:: SUPPLIED INFORMATION

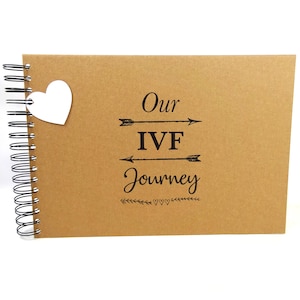 Format A5, A4, notre parcours FIV, Scrapbook, paysage, carte Pages, album Photo, Album souvenir, album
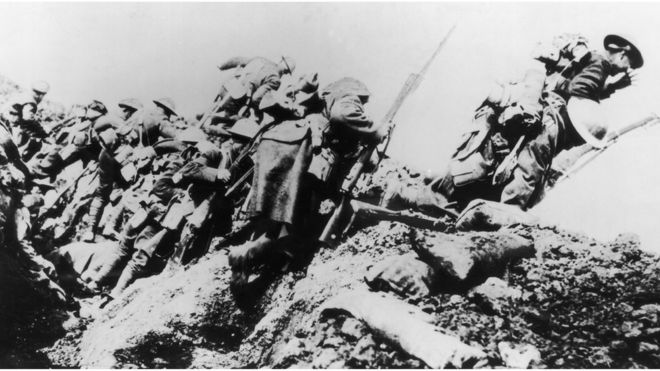 Trincheira britânica na Primeira Guerra Mundial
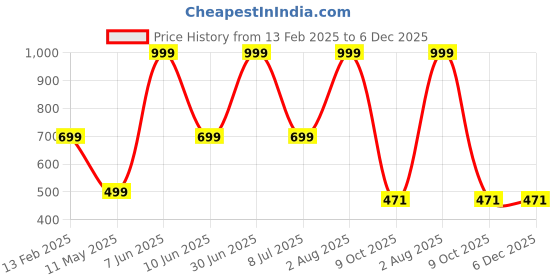 myntra.com HackerX Pack Of 10 Trainy Sports Cricket Ball hackerx Price History Graph from 13 Feb 2025 to 5 Dec 2025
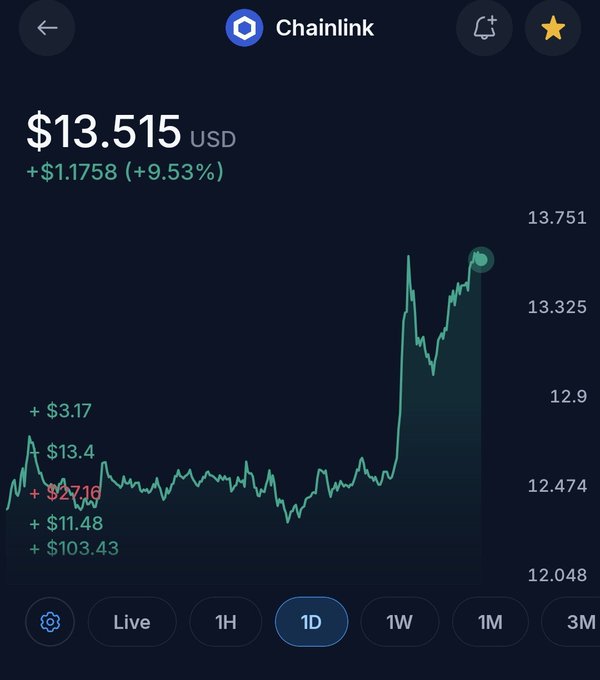 A Chainlink cryptocurrency price chart showing $13.515 USD, up $1.1758 (+9.53%) over a 1D timeframe with a volatile green line graph.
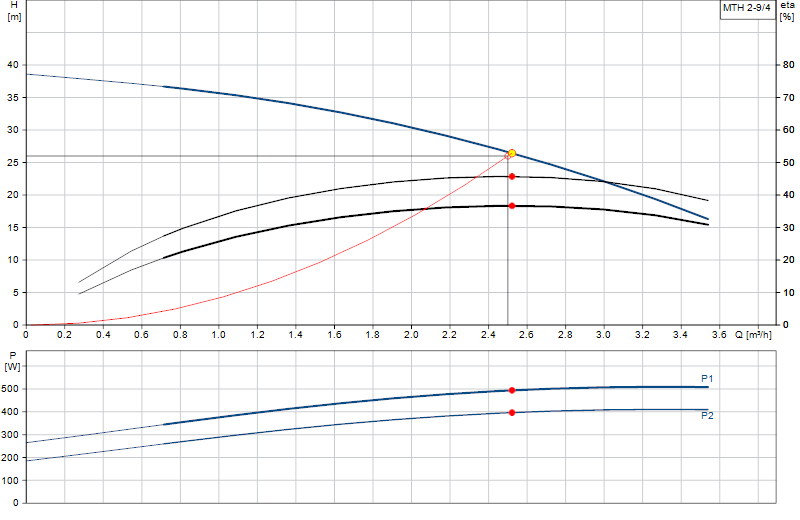 Curva di prestazione MTH 2-9/4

::::

■ WHAT THE TASK ASKS
All entries must be output unchanged, with every picture omitted.

■ TASK ANSWER
 Format A5, A4, notre parcours FIV, Scrapbook, paysage, carte Pages, album Photo, Album souvenir, album
 Trincheira britânica na Primeira Guerra Mundial
 myntra.com HackerX Pack Of 10 Trainy Sports Cricket Ball hackerx Price History Graph from 13 Feb 2025 to 5 Dec 2025
 A Chainlink cryptocurrency price chart showing $13.515 USD, up $1.1758 (+9.53%) over a 1D timeframe with a volatile green line graph.
 Curva di prestazione MTH 2-9/4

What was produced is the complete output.